(from the Bulletin, February 2006)
The Isle of Wight Helleborine is an enigmatic orchid. It was so called because, when originally found near Ventnor in 1913, it was thought to be a new species. It doesn’t seem to have been seen again until the 1930’s in Bonchurch Landslip and then in 1951 when Dr Laidlaw’s father found a specimen at St Lawrence. By that time, it was recognised that the plant was not unique to the Island, but found in scattered localities in England, Wales and Ireland. It became known as the Green-flowered Helleborine. The plant persisted at St Lawrence until around 1959, but there have been no further confirmed Island records until now.
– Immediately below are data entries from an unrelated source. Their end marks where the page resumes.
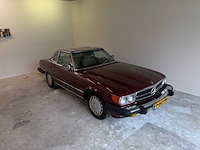 Mercedes-benz 560 sl (r107) oldtimer cabriolet - afbeelding 23 van  94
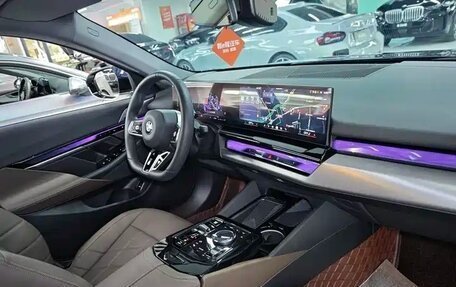 BMW 5 серия, 2025 год, 6 930 000 рублей, 7 фотография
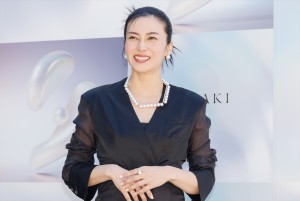柴咲コウ、TASAKI 70周年アニバーサリー エキシビション「FLOATING SHELL」フォトコールに登場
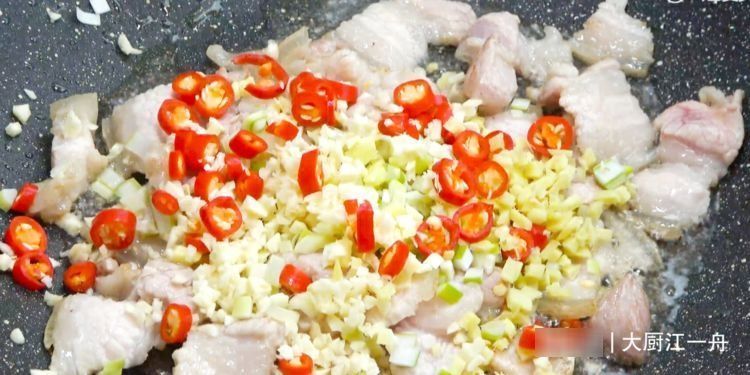 豆角|炒豆角时,先放油就错了,教你饭店做法,豆角翠绿爽口不发黑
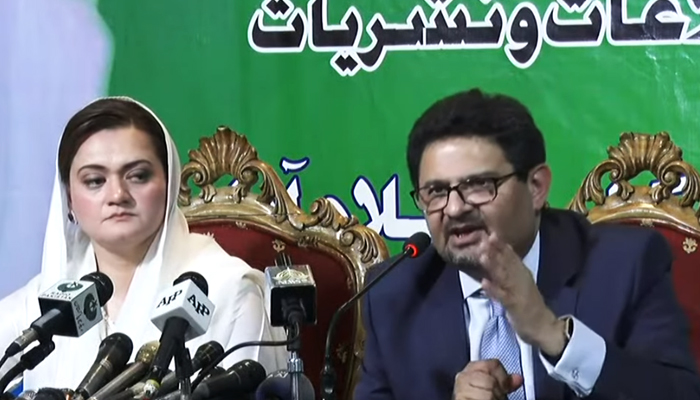 Newly appointed Finance Minister Miftah Ismail (right) addressing a press conference at the National Press Club in Islamabad, on April 20, 2022. — YouTube/HumNewsLive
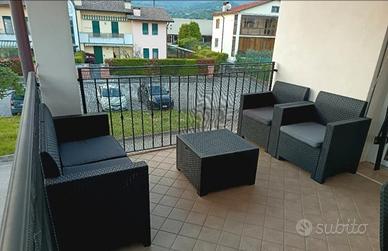 set salotto da esterno con tavolo e sedie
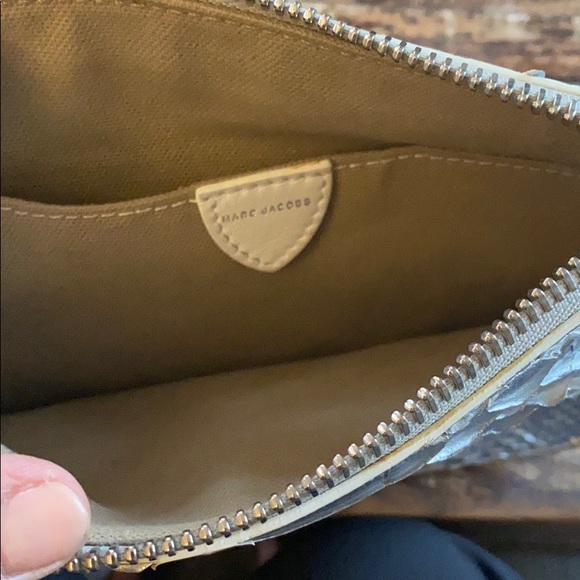 MARC JACOBS clutch - Picture 8 of 11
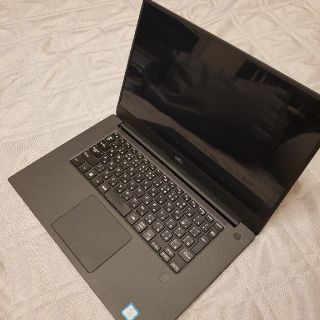 デル(DELL)のDELL XPS15  9560(blue moon様専用)(ノートPC)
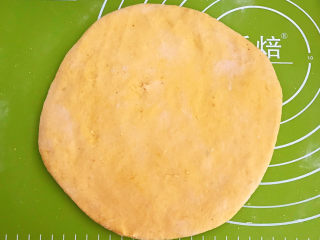 18、南瓜蒸糕,再取一个面团，擀成厚面皮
During a particularly hot spell of weather in August 2003, a visiting botanist, Peter Jupp, found an unusual Helleborine close to the footpath in Eaglehead Copse, a Wildlife Trust reserve. He thought it could be Narrow-lipped Helleborine. The plant lasted a very short time in the heat but I sent photographs to the referee, Professor Richards at Newcastle University. He considered that it could well be a specimen of Green-flowered Helleborine.
It did not reappear in 2004, but in August 2005 Peter Jupp was on holiday here again and he alerted local botanists to the fact that it had reappeared. Again photographs, together with a single pickled floret, were sent to Professor Richards. He was able to confirm that this was indeed Green-flowered Helleborine and was, moreover the same type which was originally found at Ventnor in 1931, now known as Epipactis phyllanthes var. vectensis.
So, after an absence of 44 years, the Isle of Wight Helleborine has reappeared on the Island. It is a plant which has a habit of appearing and then disappearing, only to reappear years later somewhere else, so we must enjoy this special Island plant whilst we can.